The main rationale of these assessors has been that foreclosures and short sales sold to real estate investors were sold by banks while under “distress.” And, following this logic, distress yields market values far below what a “normal” operating marketplace of real estate transactions would yield.
What that logic fails to account for, is that the entire real estate market has been in distress for the past several years. Property owners, both homeowners and those investing in property alike, have seen the values in their properties plummet by about one-third. In much harder hit areas, values have declined by well over fifty percent.
The employment of pretzel logic by these overzealous and opportunistic assessors also assumes banks have an incentive to unload their portfolio of foreclosures quickly, thus creating further distress. Their argument is that ultimately, these sales are not “arms length transactions.” An arms length transaction is simply one where the seller and buyer do not have a relationship with one another.
The illogicality of their argument is that when banks place their portfolios of foreclosed properties on the market, they are traditionally listed using real estate agents. Thus, these houses are available to all potential buyers. And the free market system will act to adjust the selling price accordingly. You know full well that when you are investing in property, there’s always investor competition for the most desirable houses.

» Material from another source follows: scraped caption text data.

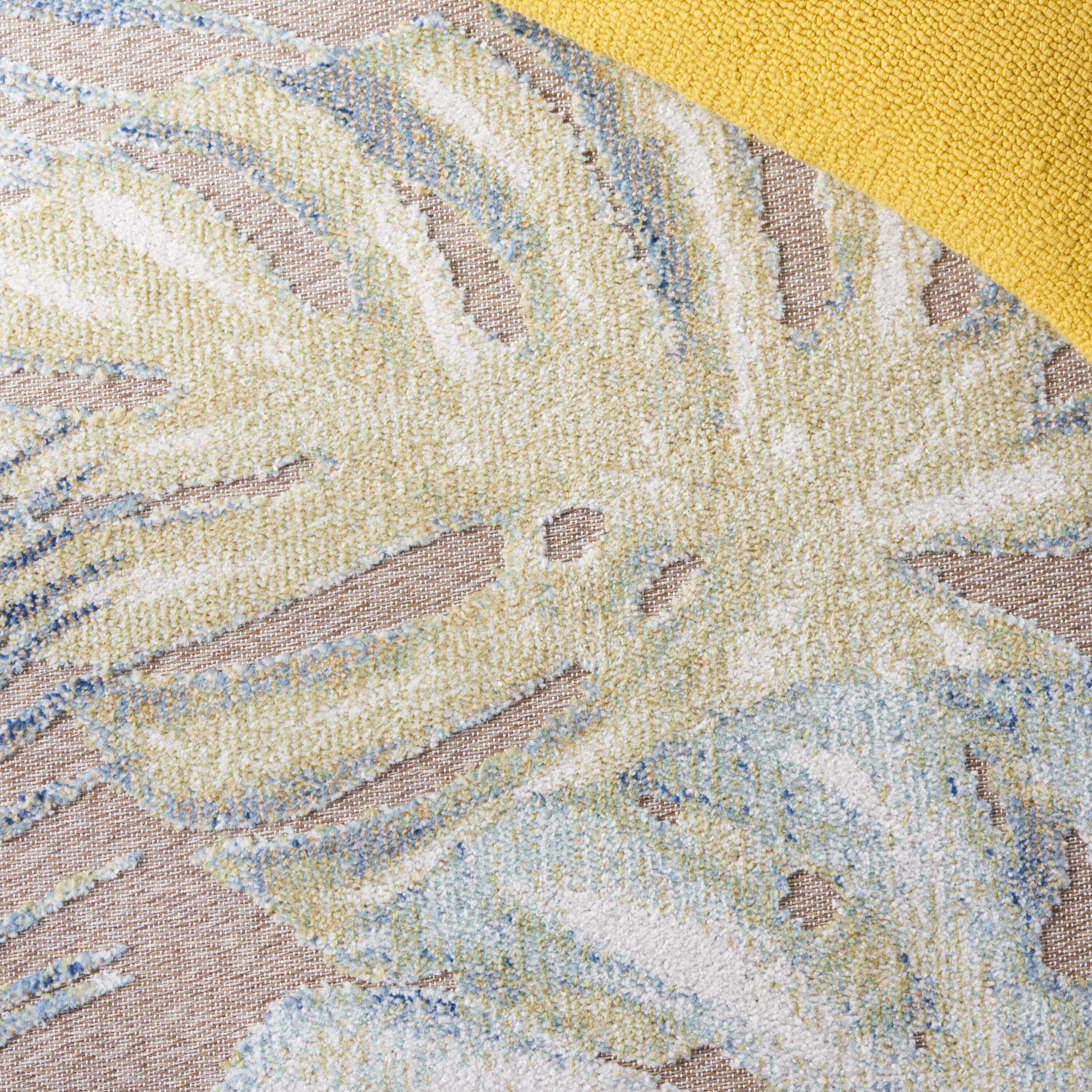 Sarasota Serenity 6'7" Square Light Green & Brown Floral Synthetic Rug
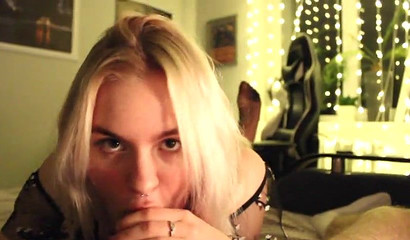 18-year-old Blonde Model Licks Lollipop, Then My Dick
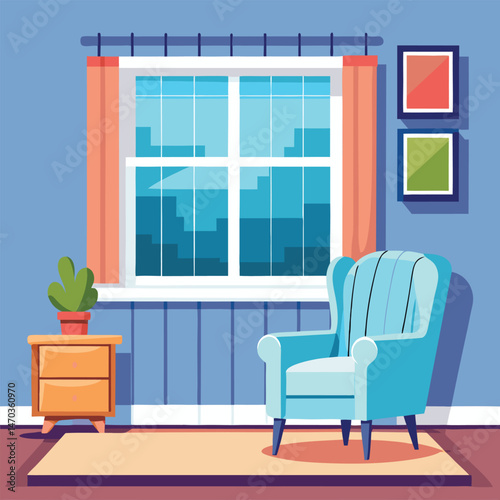 Living room with large window and blue armchair and white heating radiator on wall. Central heating system.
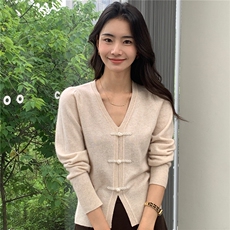 2025秋冬百搭时尚简约v领长袖针织衫，女装羊绒衫，玛卡隆羊绒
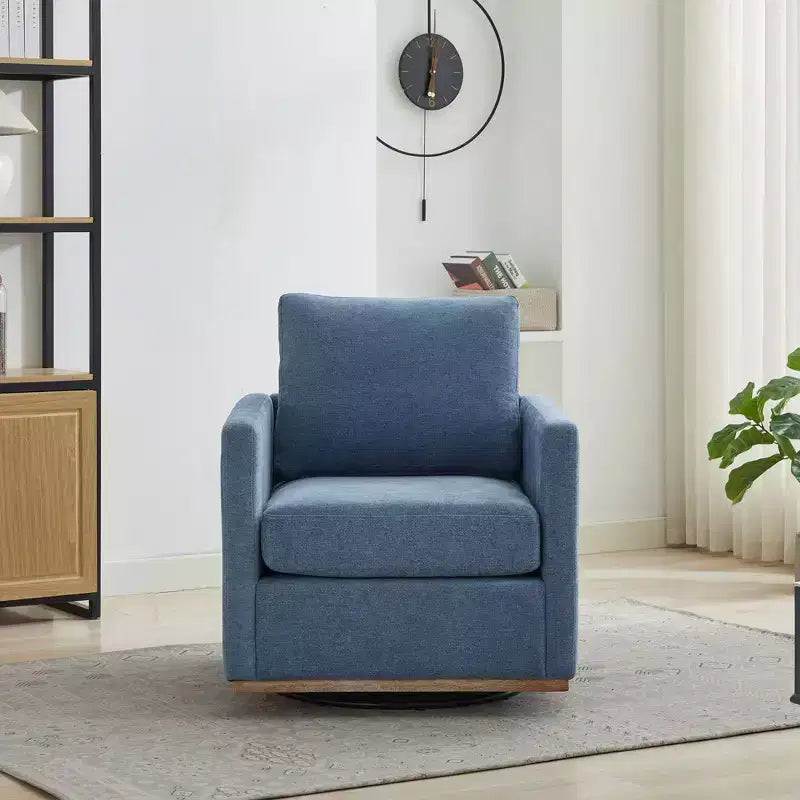 360° Modern Square Upholstered Swivel Accent Chair — 30.7"W Lounge Armchair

Market analyses help set prices
Further, banks set their asking price for each property in their portfolio based on information from broker opinions of value or listing agent comparative market analyses. And once an initial asking price is set, banks set limits on how much they will lower that price the longer a property remains on the market. So the notion that the banks are selling in some sort of distressed mode can’t be further from the truth.
Rather, they are making informed, analytical decisions based on professional recommendations as to the current market value for each property. Just because a foreclosure is purchased by an individual investing in property for a fraction of what the property was once worth is irrelevant. The new selling price IS the market price
What if you get a reassessment letter?
So what should you do if your local assessor’s office sends you a letter informing you of an increase in your assessment (and eventual increase in taxes as a result)? The first rule of thumb in deciding whether to fight the new assessment is to see if the new assessment is greater than ten percent more than what you believe the market value of your investment property should be. If it is, then it’s worth fighting (also known as grieving). Every municipality is different in when you can grieve your assessment. In that reassessment increase letter, they will notify you of the date when you can grieve your valuation in your specific town.
Use a grievance attorney?
You next have to decide if you will grieve the assessment on your own, or if you should use the aid of a specialized grievance attorney. These attorneys traditionally will charge you a percentage of your first year tax savings as compensation for their services. If they are unable to obtain tax savings for you, you would not owe them anything. But you’ll find they won’t take your case unless they feel there is a certainty of winning some savings.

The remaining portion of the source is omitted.